In summary: declaring and initialising a variable does not work in PIC hardware – whereas it works fine in simulation. Also, this problem seems to be worse if the variable is a structure. I am using: MPLAB X IDE V3.55, XC8 V1.41, PIC18F26K40 on Explorer 8 board with PICKIT3 debugger cable.
Details:
For a simple case like:
uint8_t myvar = 0x55;
void main(void)
{
uint8_t var = myvar;
}
Using the variables window in the debugger myvar is always zero when I run this in hardware. But if I run the same code in the simulator it is all OK!
I have:
Checking the values in the ‘File Registers’ debugger window. I can see no 0x55 when run in hardware – but it’s there in the simulator (at address 0x21).
It does work in hardware if:
Now if I use a struct type instead of a simple uint8_t like:
typedef struct {
uint8_t a;
char b[8];
}MYSTRUCT;
MYSTRUCT ms = { 0x55, "HELLO" };
void main(void)
{
uint8_t var = ms.a;
}
The ms variable is initialised properly in simulation, but not in hardware.
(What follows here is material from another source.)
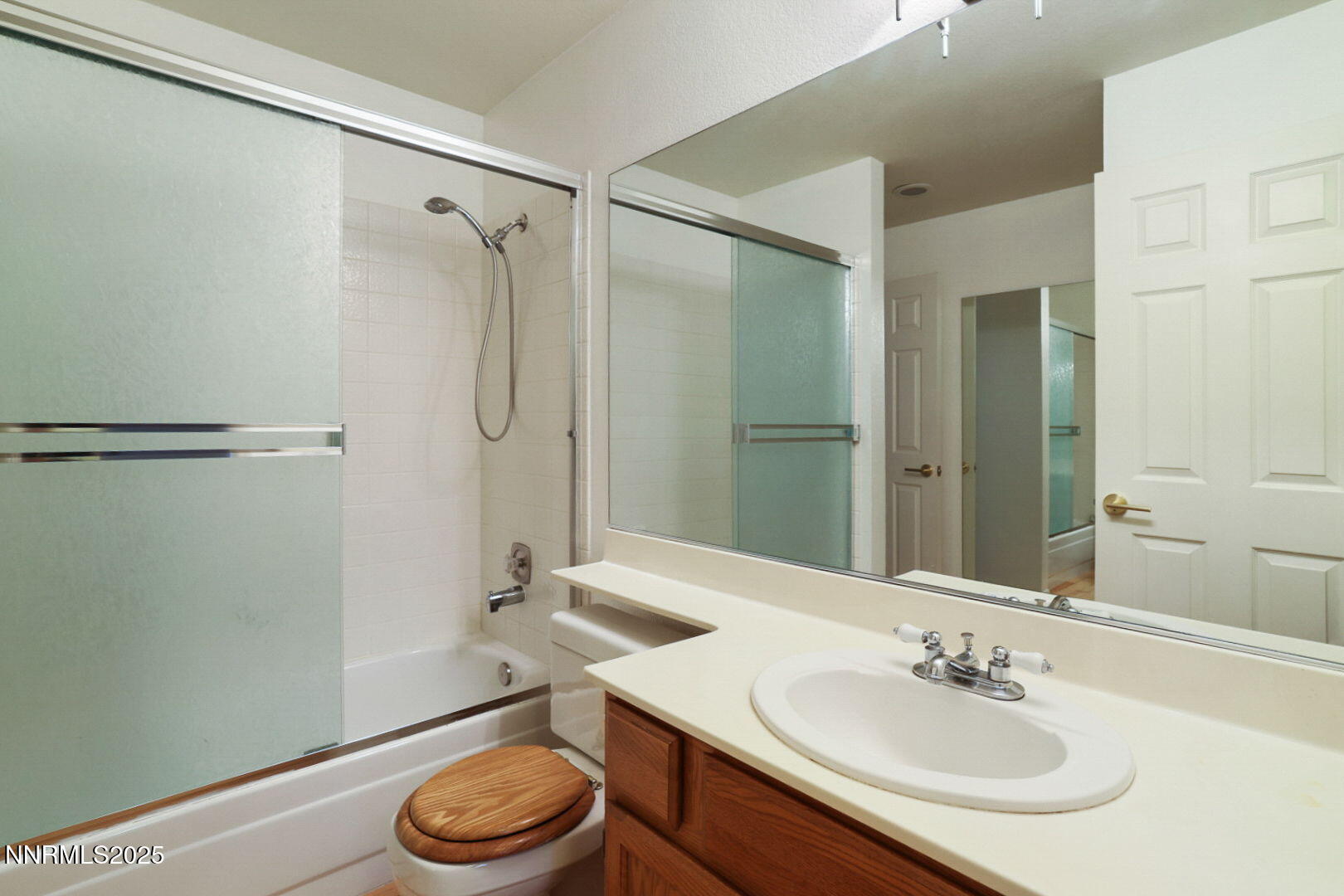 9-web-or-mls-Kyles House-12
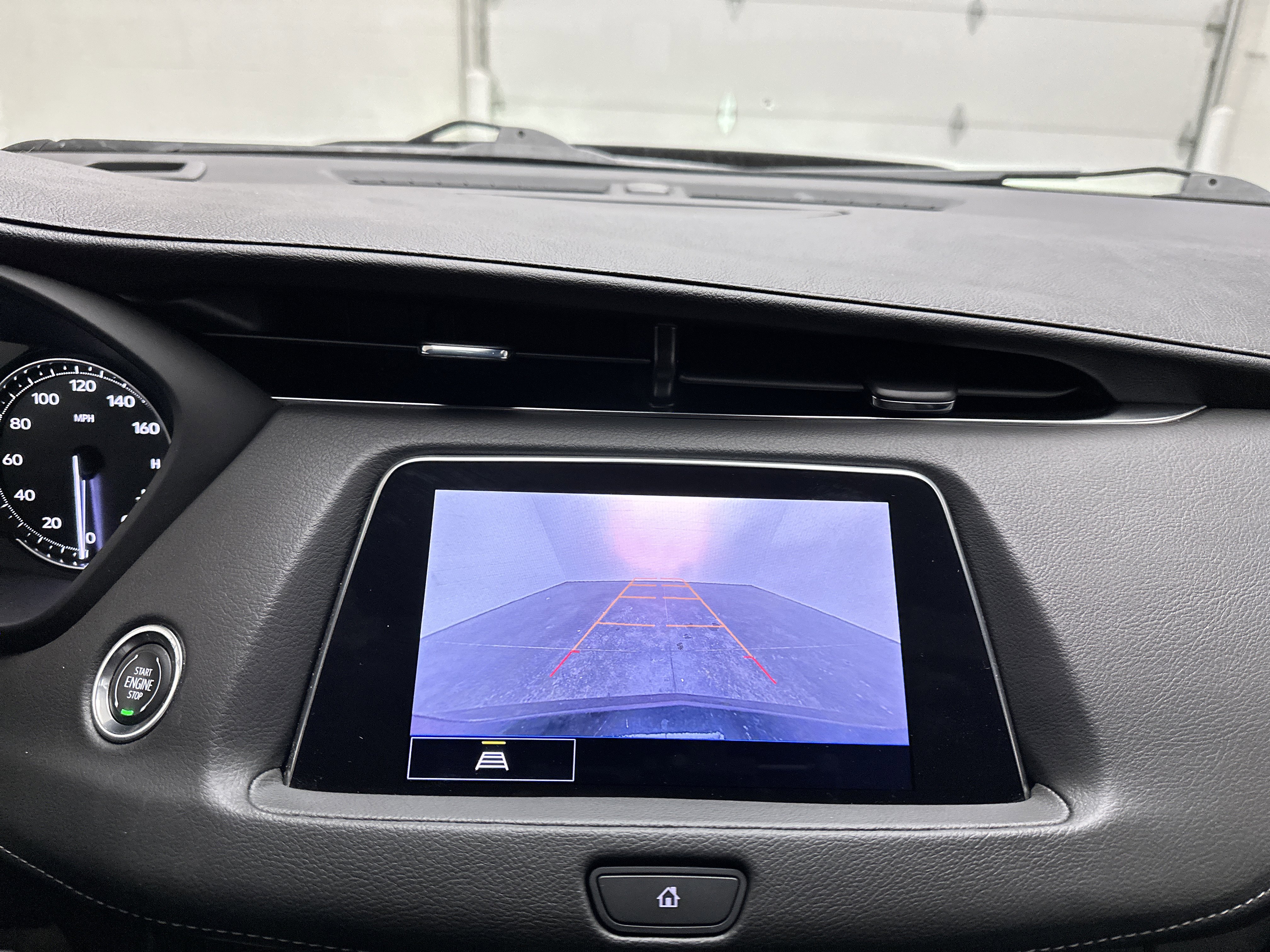 Used 2023 Cadillac XT4 Premium Luxury image 34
This time it does not initialise if the variable is declared in main or as a global. Again, declaring as a const does work. So there seems to be inconsistency here:
uint8_t struct type
global variable declaration and initialisation N N
global const declaration and initialisation Y Y
local variable declaration and initialisation Y N
After debugging and stepping through with the assembler (.as) file it looks like myVar is trying to be initialised, but for some reason just doesn't in hardware. See below the relevant lines from the .as file. the address and value at key stages is shown as captured from the debugger during simulation. You can see at the end '__pdataCOMRAM' (the pointer into ram for myVar) is assigned 0x55. If I step through this in the hardware all steps are identical, but when we get to the end '__pdataCOMRAM' doesn't have the value of 0x55, but 0x00.
Address Value
global __pdataCOMRAM
__pdataCOMRAM:
file "main.c"
line 32
global _myVar
myVar: 0x21 0x00
ds 1
file "dist/C18_18F87K22/debug\initTest.X.debug.as"
line #
psect cinit
; Initialize objects allocated to COMRAM (1 bytes)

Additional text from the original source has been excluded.